Stored records
· · · · ·

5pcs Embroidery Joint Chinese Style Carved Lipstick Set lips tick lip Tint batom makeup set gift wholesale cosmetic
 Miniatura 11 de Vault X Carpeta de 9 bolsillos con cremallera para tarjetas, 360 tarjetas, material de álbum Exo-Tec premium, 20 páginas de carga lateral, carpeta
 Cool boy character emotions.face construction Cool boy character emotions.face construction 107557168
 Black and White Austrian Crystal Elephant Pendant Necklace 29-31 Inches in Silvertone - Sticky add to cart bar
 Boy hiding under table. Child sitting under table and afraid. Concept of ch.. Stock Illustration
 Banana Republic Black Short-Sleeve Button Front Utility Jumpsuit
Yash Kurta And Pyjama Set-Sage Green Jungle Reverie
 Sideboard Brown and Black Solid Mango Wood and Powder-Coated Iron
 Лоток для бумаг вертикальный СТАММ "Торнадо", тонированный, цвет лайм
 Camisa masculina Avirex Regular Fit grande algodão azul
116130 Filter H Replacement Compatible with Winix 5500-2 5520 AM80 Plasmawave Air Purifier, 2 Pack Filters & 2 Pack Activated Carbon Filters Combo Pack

· · · · ·

* YOUR TASK
Print only the lines from the top of the data above down to the line holding "Лоток для бумаг", inclusive.

* ANSWER SPACE
5pcs Embroidery Joint Chinese Style Carved Lipstick Set lips tick lip Tint batom makeup set gift wholesale cosmetic
 Miniatura 11 de Vault X Carpeta de 9 bolsillos con cremallera para tarjetas, 360 tarjetas, material de álbum Exo-Tec premium, 20 páginas de carga lateral, carpeta
 Cool boy character emotions.face construction Cool boy character emotions.face construction 107557168
 Black and White Austrian Crystal Elephant Pendant Necklace 29-31 Inches in Silvertone - Sticky add to cart bar
 Boy hiding under table. Child sitting under table and afraid. Concept of ch.. Stock Illustration
 Banana Republic Black Short-Sleeve Button Front Utility Jumpsuit
Yash Kurta And Pyjama Set-Sage Green Jungle Reverie
 Sideboard Brown and Black Solid Mango Wood and Powder-Coated Iron
 Лоток для бумаг вертикальный СТАММ "Торнадо", тонированный, цвет лайм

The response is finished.